> What you will do:
For the entries below, copy exactly the line that contains "5 adet Batan" through the line that contains "Organic wood balm", both ends included, and exclude all pictures.

> Exercise inputs:
Content starts

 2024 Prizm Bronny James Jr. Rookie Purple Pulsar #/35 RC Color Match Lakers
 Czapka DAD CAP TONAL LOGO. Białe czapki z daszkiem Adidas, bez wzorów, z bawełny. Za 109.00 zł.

Content ends
Content starts

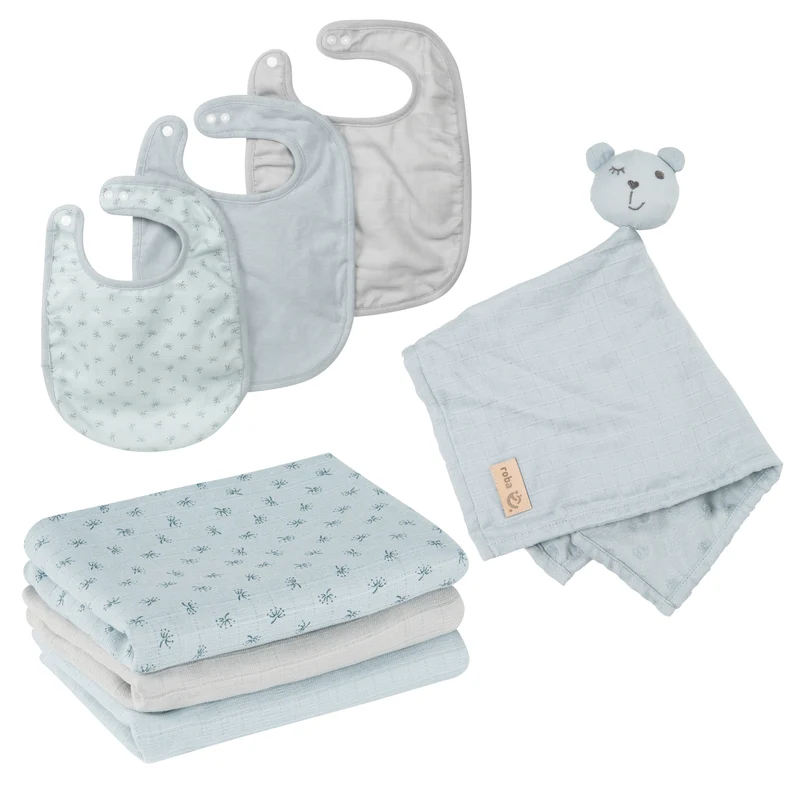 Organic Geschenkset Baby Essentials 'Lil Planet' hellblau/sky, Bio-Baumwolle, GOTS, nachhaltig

Content ends
Content starts

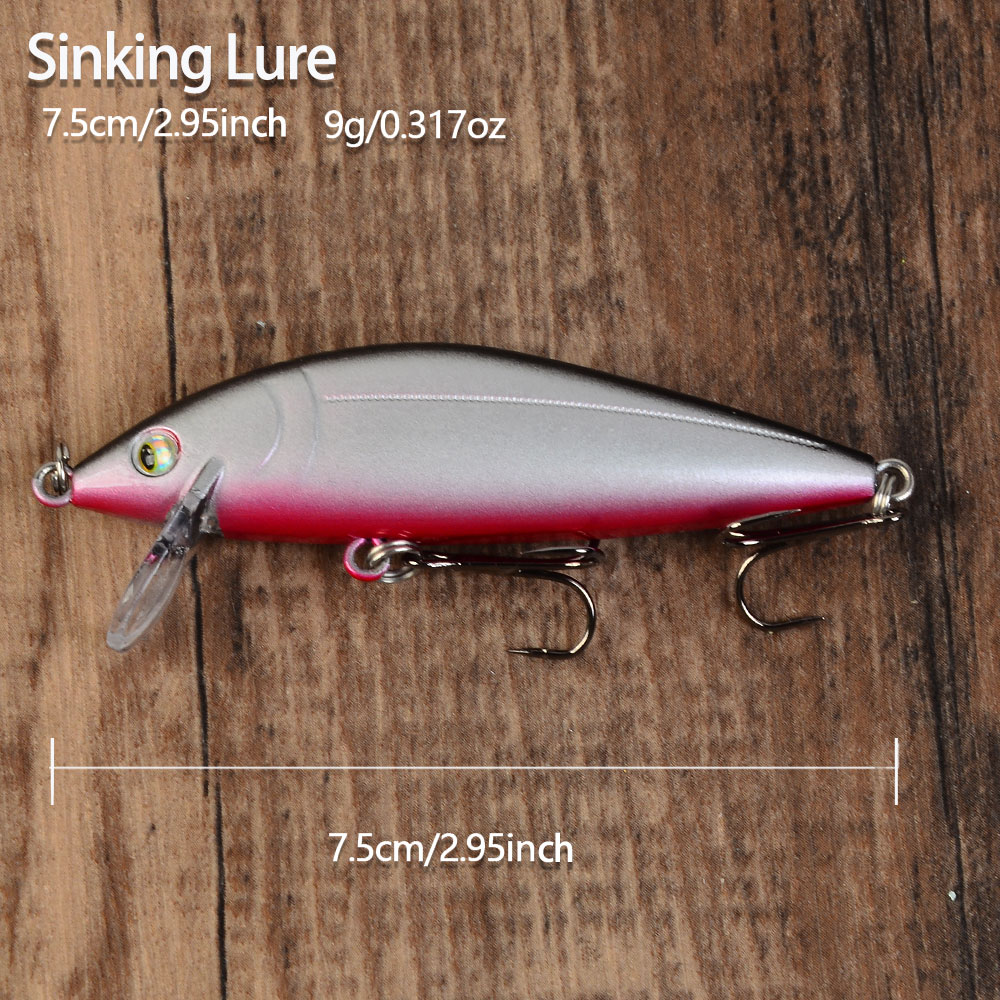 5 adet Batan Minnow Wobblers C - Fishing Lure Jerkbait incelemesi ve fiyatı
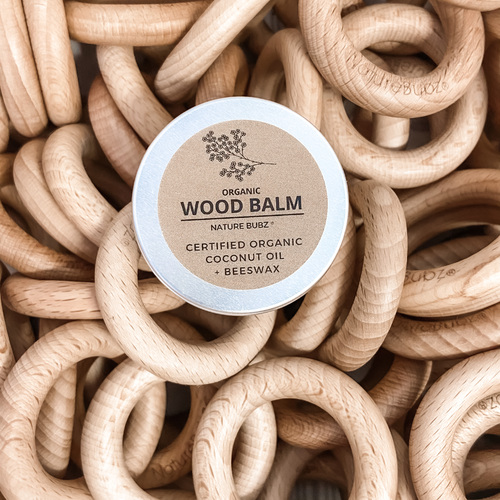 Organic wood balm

Content ends

> Output:
 5 adet Batan Minnow Wobblers C - Fishing Lure Jerkbait incelemesi ve fiyatı
 Organic wood balm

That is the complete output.